Consumers demand free shipping (and you know they can get it at Amazon), so shipping costs absorb the savings of not having to run a physical store. Higher returns counteract less shrinkage problems. And so many online stores also have physical stores that the idea of ​​reducing staff costs may not be realized. Is e-commerce worth it?

Does the reach of your products need to be extended to succeed?

Starting by asking yourself this question, it forms the basis for switching to or from an e-commerce model. Building an e-commerce presence will largely depend on the products you offer, which requires developing a combination of offline and online marketing strategies to give your products and services the visibility they need to stand out from the crowd. However, this is a trick: can you sell your services in such a way as to stand out from the rest?

For example, a small boutique sells special goat milk soap. An internet search engine reveals many stores selling a similar product. However, if you adjust the search parameters to make them more specific, you’ll only find a dozen stores selling the same fragrances you have.

Is e-commerce worth it?

So who needs e-commerce?

E-commerce is growing faster than physical retail purchases. This is definitely a wave of the future. However, the idea of ​​opening a small online boutique and picking up money while relaxing on the beach is not really useful. When does e-commerce make financial sense? Check if you recognize yourself here:

  • Brands without a physical store. If you have a specialized brand without a physical store or limited distribution in physical stores, you need to rely on e-commerce to deliver your goods to customers. Small, agile companies can handle small, agile e-commerce stores – if they sell something other than big guys.
  • Brands looking for data. A small e-commerce store can provide a lot of information about customers and their needs. Although we fully understand what HBR says about the difficulties in tracking people all along their way to buying, the example of e-commerce gives you an invaluable position as a focus group.
  • Brands with customers. Regular customers have no problem with the fact that they have many contact points on their way to purchase. They like to do research when and where they feel like it, and then buy the item anywhere, including in their pajamas. No e-commerce? Your customers won’t love you almost as much. Ecommerce is required if you have a fan community.
  • Brands with a future. We meet people who seem convinced that this matter with the Internet will end soon. They will not have a fridge that orders groceries when they run out, or a magical book-like device that will help them buy more books directly on the screen after completing their current reading. If it’s not you, you’ll probably notice that e-commerce may be important in the future.

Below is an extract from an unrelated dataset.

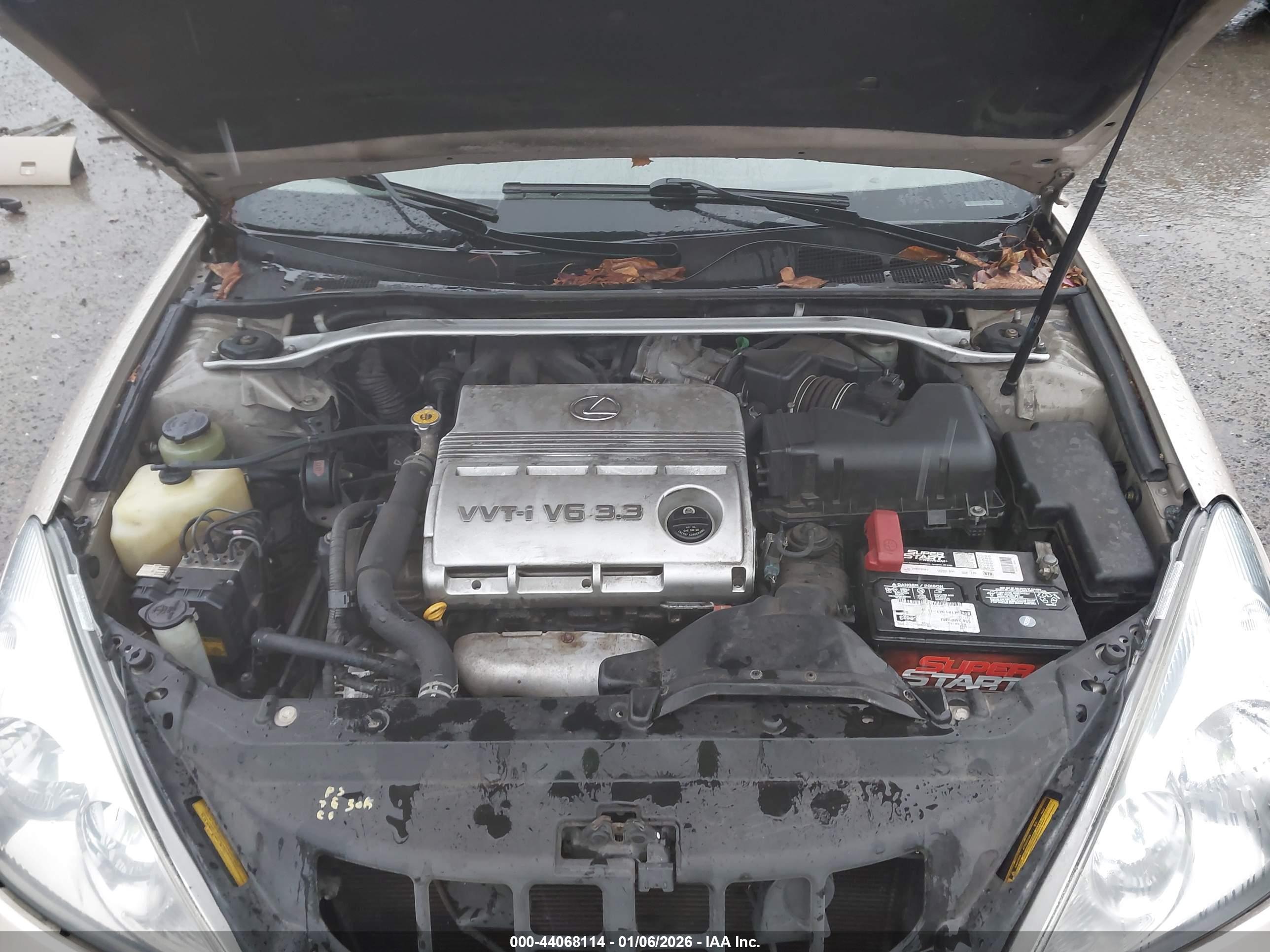 LEXUS ES image 10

Your advantage as a small retailer

While large networks often have deeper pockets and larger marketing budgets, small businesses have several distinct advantages over large guys.

Your flexibility: One of the biggest advantages you have as a small retailer is the ability to be more flexible in how and how you make changes to your website and store.

Whether it’s a product price change or testing, you can easily and quickly make business decisions to achieve desired results to see how customers respond to a promotional pop-up window. Small retailers usually have faster and more efficient decision making, while large companies are often bothered by bureaucracy.

Your ability to build real relationships: You probably know the names of your clients and what they like. You can even hear about their day! As a small business, you build relationships whenever you talk in person or over the phone with a client.